* [TASK TO CARRY OUT]:
The lines below from the one with "Dámské šaty Cotopaxi Cambio Dress" up to and including the one with "1998 Plate - Etsy - Page 4" are what you should set down, exactly and without pictures.

* [RECORDS SHOWN]:
######

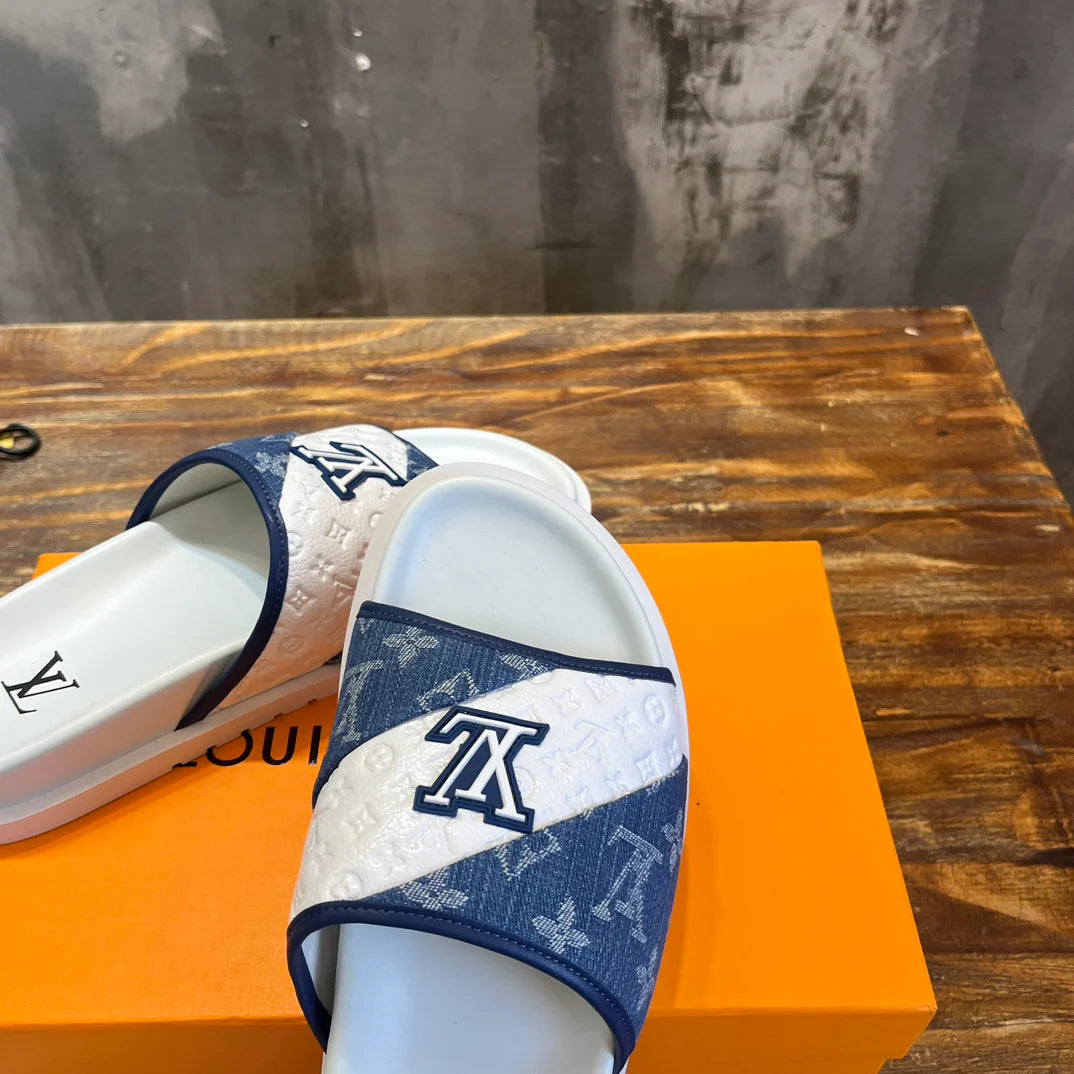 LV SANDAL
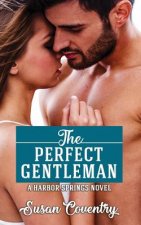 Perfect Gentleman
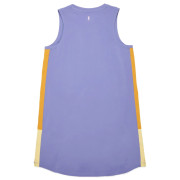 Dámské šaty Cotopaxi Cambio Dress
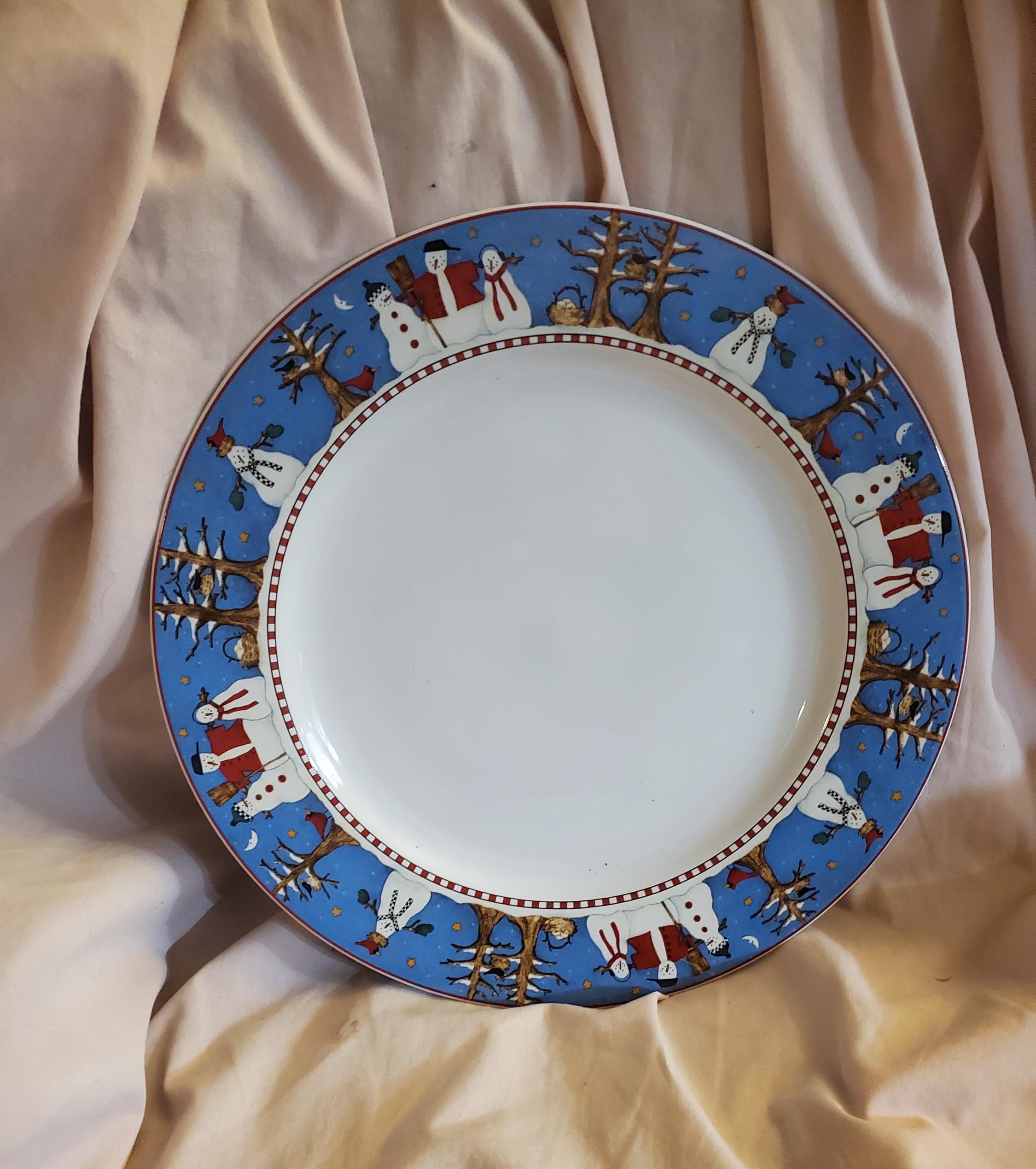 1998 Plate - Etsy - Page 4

######

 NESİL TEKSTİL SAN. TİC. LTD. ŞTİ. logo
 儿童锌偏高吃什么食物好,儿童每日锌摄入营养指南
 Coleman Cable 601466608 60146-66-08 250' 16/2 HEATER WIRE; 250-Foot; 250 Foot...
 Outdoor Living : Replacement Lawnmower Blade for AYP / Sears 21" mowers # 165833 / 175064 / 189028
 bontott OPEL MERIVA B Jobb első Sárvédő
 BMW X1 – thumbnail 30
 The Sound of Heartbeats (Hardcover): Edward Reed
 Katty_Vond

######

* [EXERCISE SOLUTION]:
 Dámské šaty Cotopaxi Cambio Dress
 1998 Plate - Etsy - Page 4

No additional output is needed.